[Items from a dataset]

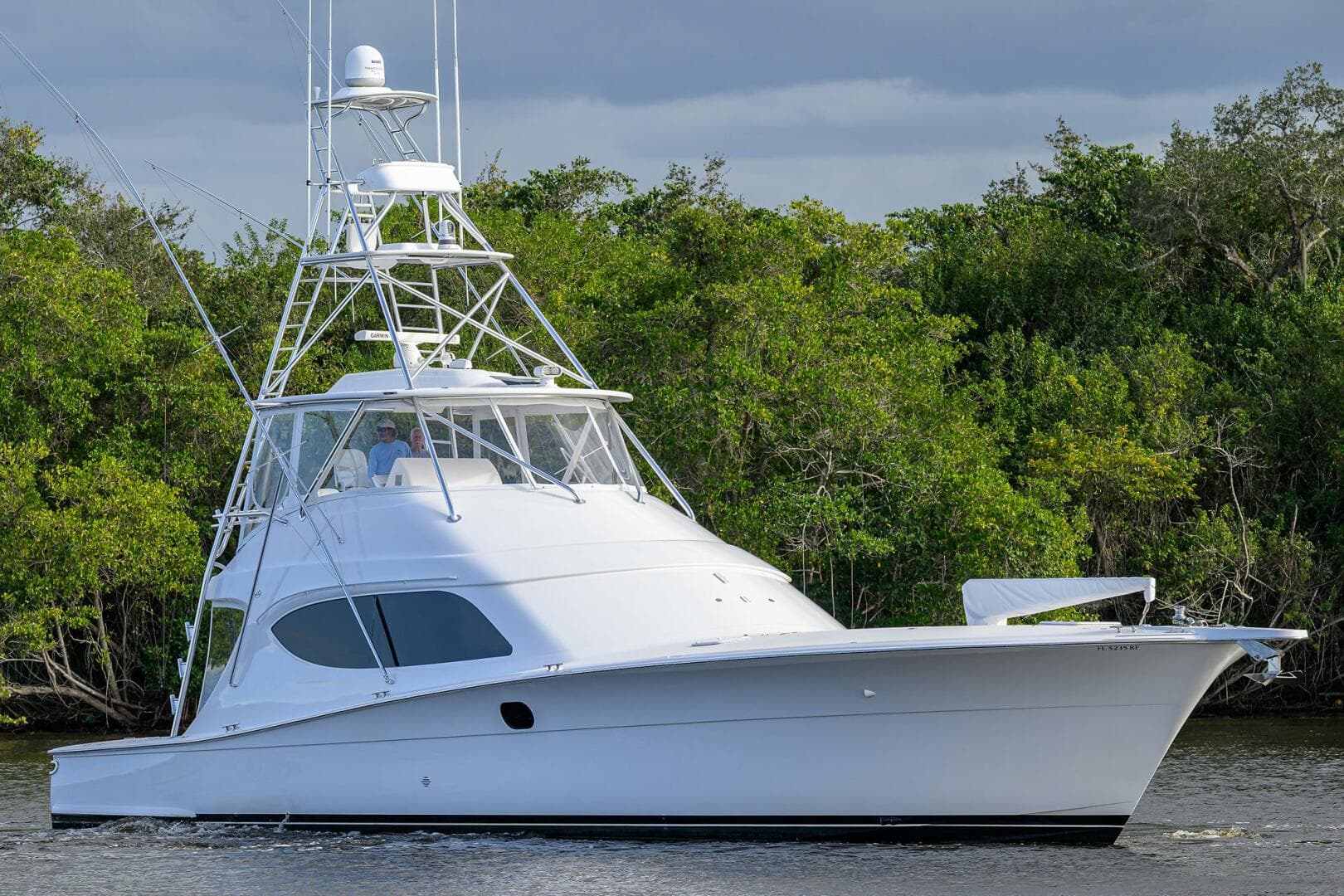 2013 Hatteras GT 63 — photo 50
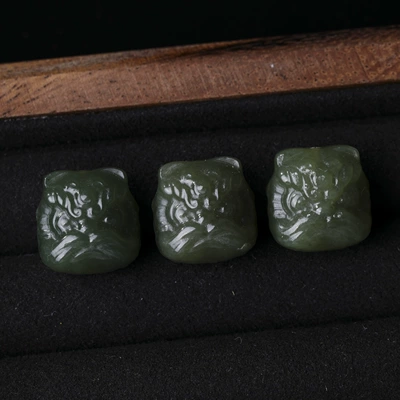 Zərgərlik ara hissələri, Natural Clear Water Hetian - 22-natural-hetian-jade-lion-awakening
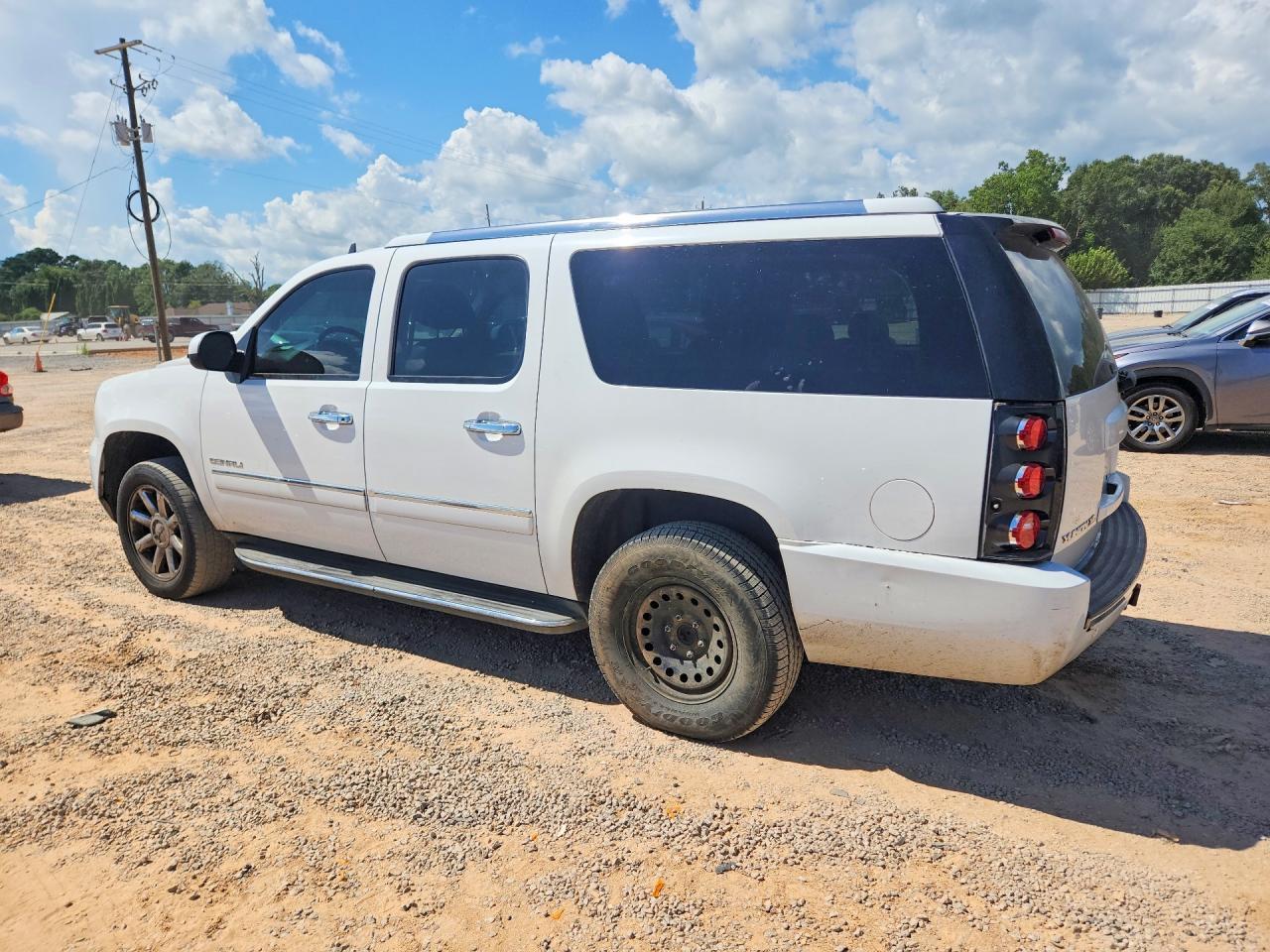 2013 GMC Yukon Xl Denali - Image 2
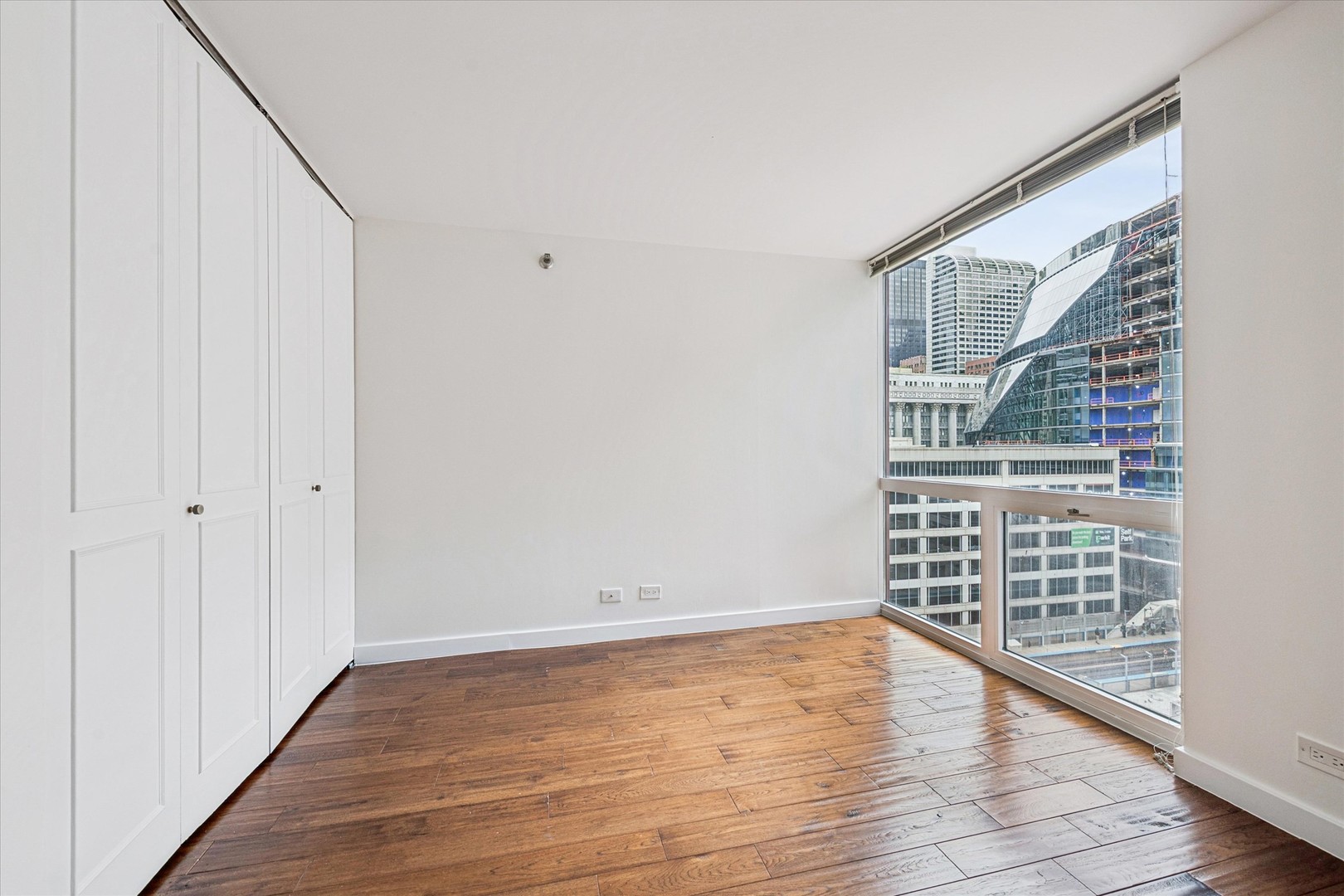 200 N Dearborn Street Unit: 1007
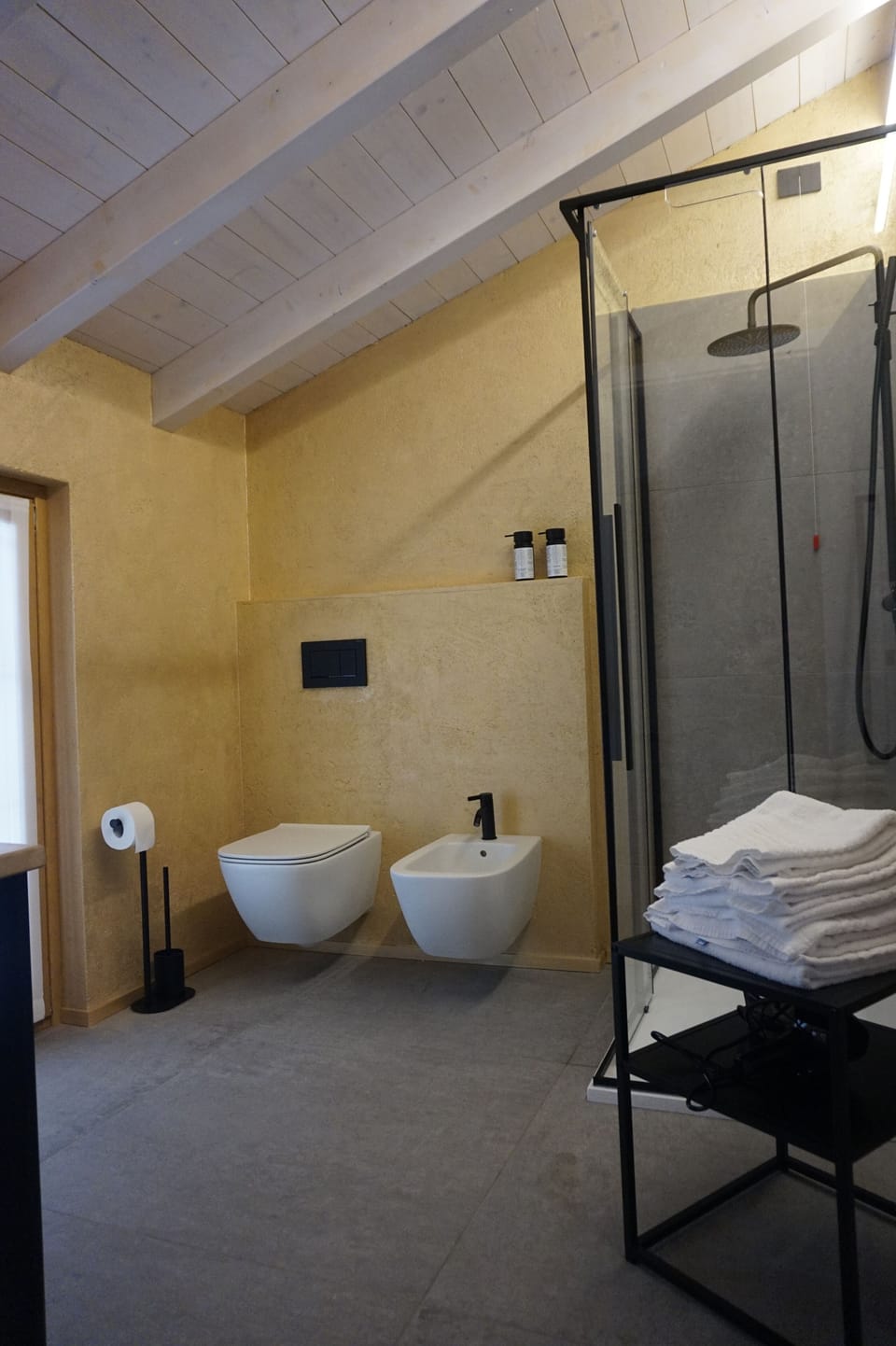 Junior Room, 1 King Bed | Bathroom | Shower, eco-friendly toiletries, hair dryer, towels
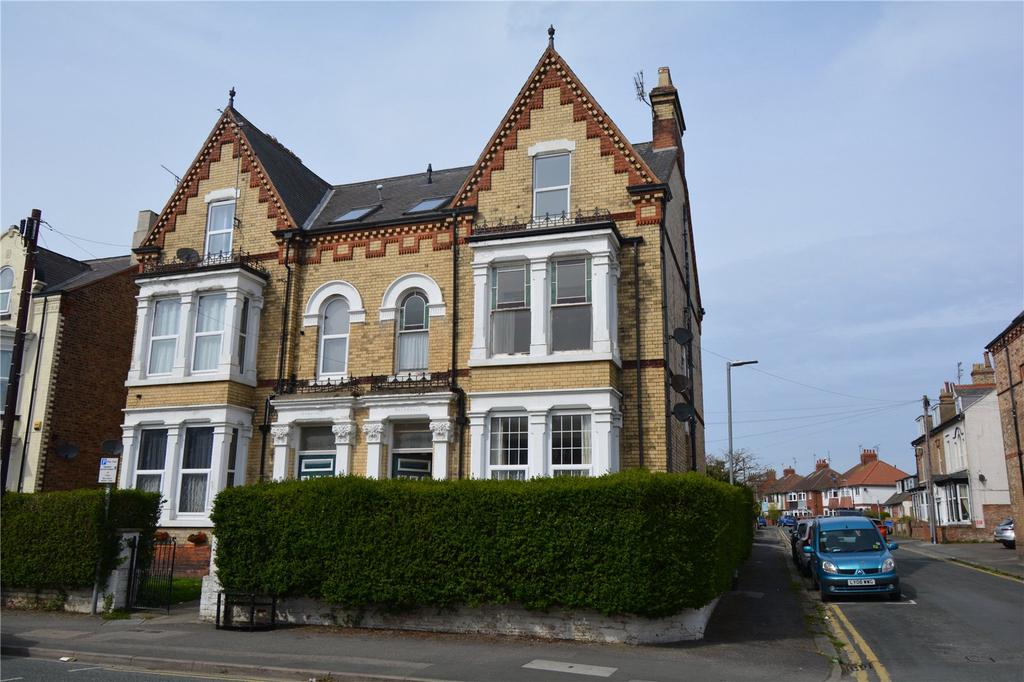 Trinity Road, Bridlington, East Yorkshire, YO15 2 bed apartment for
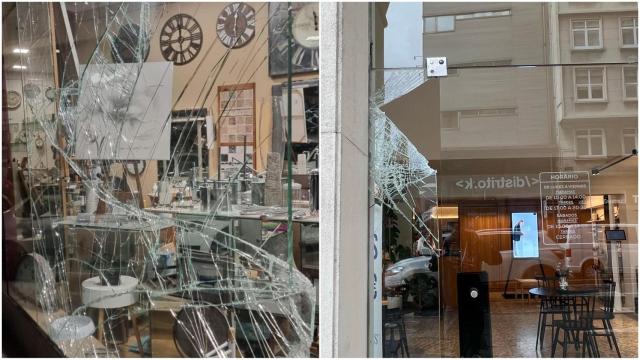 Destrozos en la cristalería de Os Mallos y la óptica de Juan Flórez.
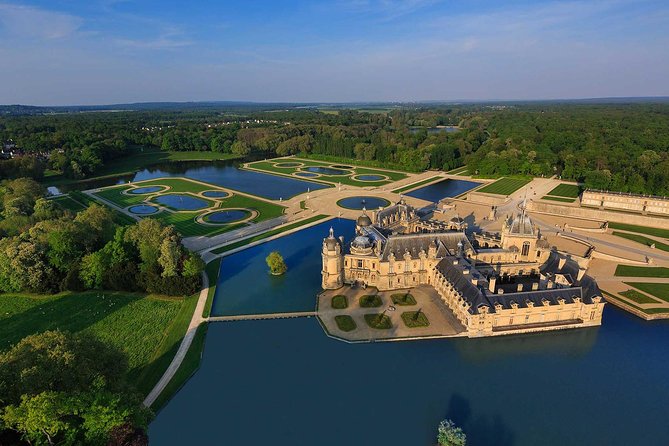 Chantilly Tour: Great Stables and Renaissance Meal from Paris - Great Stables: The Equestrian Center Part You’ll Actually Feel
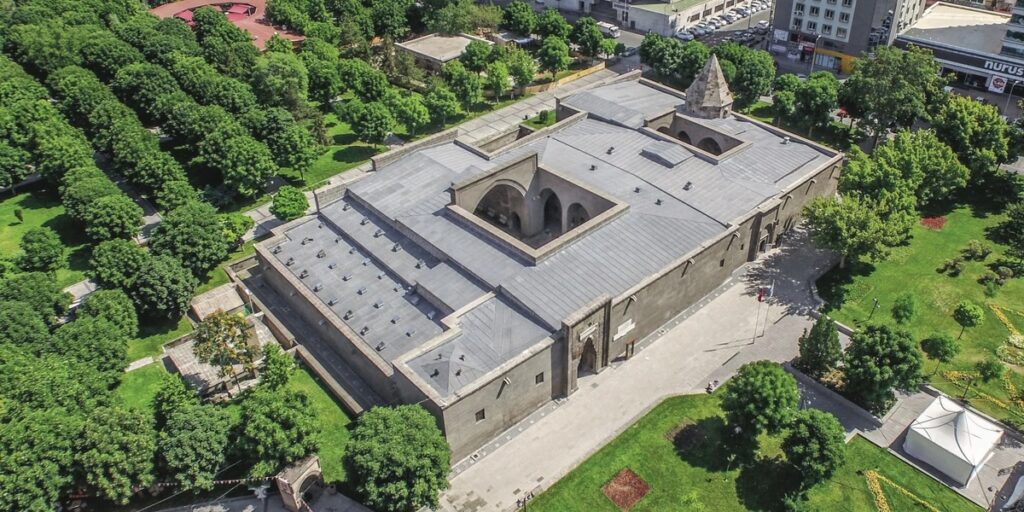 Kayseri gezilecek yerler Gevher Nesibe Tıp Müzesi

**TASK DETAILS**
Going by the entries above, repeat exactly the lines that start at the line with "2013 GMC Yukon Xl Denali - Image 2" and go on through the line with "Destrozos en la". Pictures are not part of the copy.

**SOLVED EXERCISE**
 2013 GMC Yukon Xl Denali - Image 2
 200 N Dearborn Street Unit: 1007
 Junior Room, 1 King Bed | Bathroom | Shower, eco-friendly toiletries, hair dryer, towels
 Trinity Road, Bridlington, East Yorkshire, YO15 2 bed apartment for
 Destrozos en la cristalería de Os Mallos y la óptica de Juan Flórez.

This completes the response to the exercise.